Consider the statistic
\[ T_{n}=\widehat{\sigma}^{-2} \sum_{i=1}^{n}\left(\widehat{e}_{i}-\widetilde{e}_{i}\right)^{2} . \]
Find the asymptotic distribution for \(T_{n}\) when \(\boldsymbol{R}^{\prime} \beta=\boldsymbol{c}\) is true.
- Does the result of the previous question simplify when the error \(e_{i}\) is homoskedastic?
Exercise 8.22 Take the linear model \(Y=X_{1} \beta_{1}+X_{2} \beta_{2}+e\) with \(\mathbb{E}[X e]=0\). Consider the restriction \(\frac{\beta_{1}}{\beta_{2}}=2\).

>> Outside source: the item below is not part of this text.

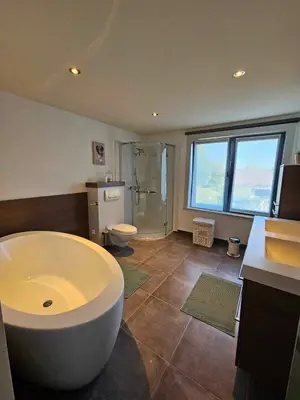 a large bathroom with a large tub and a toilet at Stadsparel Sint-Truiden in Sint-Truiden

Find an explicit expression for the CLS estimator \(\widetilde{\beta}=\left(\widetilde{\beta}_{1}, \widetilde{\beta}_{2}\right)\) of \(\beta=\left(\beta_{1}, \beta_{2}\right)\) under the restriction. Your answer should be specific to the restriction. It should not be a generic formula for an abstract general restriction.
Derive the asymptotic distribution of \(\widetilde{\beta}_{1}\) under the assumption that the restriction is true.